Several panicked minutes later I ran into a girl I knew by sight though not by name who was outside walking her dogs. As it turned out, she lived just down the hall from me, and had a little bit of experience locking herself out of apartments. You see, in our building, if you lock yourself out of your apartment, you have to pay a $50 fee for someone to come let you in (which I gather is pretty standard). You also typically have to wait upwards of two hours for them to arrive. The present time was inconveniently about 10pm. Fortunately my fellow renter was able to offer me some advice on getting into the locked apartment: the doors in the building, you see, are all a little warped, a little loose, and a little bit less than 100% secure. I couldn't jimmy it open with the screw driver that happened to be in my car, but what could be done, I learned, was to pop the latch out of the strike plate by applying the correct amount of force. In other words, ram a large object (i.e. a person) into the door and with any luck it would "swing" open. And with the help of a large Swedish guest staying with my newly made acquaintance, that's exactly what it did.
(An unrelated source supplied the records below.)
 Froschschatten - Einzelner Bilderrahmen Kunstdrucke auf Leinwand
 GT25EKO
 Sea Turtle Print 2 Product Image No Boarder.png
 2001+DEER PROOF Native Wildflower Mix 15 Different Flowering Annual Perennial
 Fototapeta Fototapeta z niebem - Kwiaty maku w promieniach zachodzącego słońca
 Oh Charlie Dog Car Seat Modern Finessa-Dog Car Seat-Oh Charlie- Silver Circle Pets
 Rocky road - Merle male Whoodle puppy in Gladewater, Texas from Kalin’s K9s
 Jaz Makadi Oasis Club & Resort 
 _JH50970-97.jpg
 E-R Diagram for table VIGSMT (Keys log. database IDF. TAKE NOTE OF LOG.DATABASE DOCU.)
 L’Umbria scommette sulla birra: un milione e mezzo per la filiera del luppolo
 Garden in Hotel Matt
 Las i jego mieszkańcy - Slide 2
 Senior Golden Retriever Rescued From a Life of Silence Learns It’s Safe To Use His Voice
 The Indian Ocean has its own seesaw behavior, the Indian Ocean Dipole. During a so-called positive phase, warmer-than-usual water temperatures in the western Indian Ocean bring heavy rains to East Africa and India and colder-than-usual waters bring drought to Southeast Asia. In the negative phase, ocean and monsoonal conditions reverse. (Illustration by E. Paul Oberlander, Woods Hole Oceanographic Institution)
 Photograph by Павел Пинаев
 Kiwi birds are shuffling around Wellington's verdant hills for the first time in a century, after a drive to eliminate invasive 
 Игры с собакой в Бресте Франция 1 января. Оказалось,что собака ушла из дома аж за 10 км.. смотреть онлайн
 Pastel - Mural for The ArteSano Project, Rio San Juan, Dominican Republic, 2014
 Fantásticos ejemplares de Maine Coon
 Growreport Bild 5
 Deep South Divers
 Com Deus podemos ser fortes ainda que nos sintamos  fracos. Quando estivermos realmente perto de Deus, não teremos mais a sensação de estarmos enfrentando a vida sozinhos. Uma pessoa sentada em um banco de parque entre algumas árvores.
The door burst open scattering the curious cats who had come to see what all the fuss outside was about, and the Swede rubbed his shoulder and remarked that it was his first experience breaking and entering. No visible damage to the door (I swear it closes and locks no differently than before) and no $50 fee later, I finally got unpacked and fed my poor hungry kitties a very late dinner. Even with the knowledge that it is indeed possible to reenter the apartment after leaving it without your keys, I am happy to report that since this eventful evening, I have never walked out the door without my keys in hand.
(N.B. I know that locking myself out of my apartment isn't really a reflection on the crummy state of the apartment complex, but the way everything worked out just makes it one more crazy story to add to the building's ample resume.)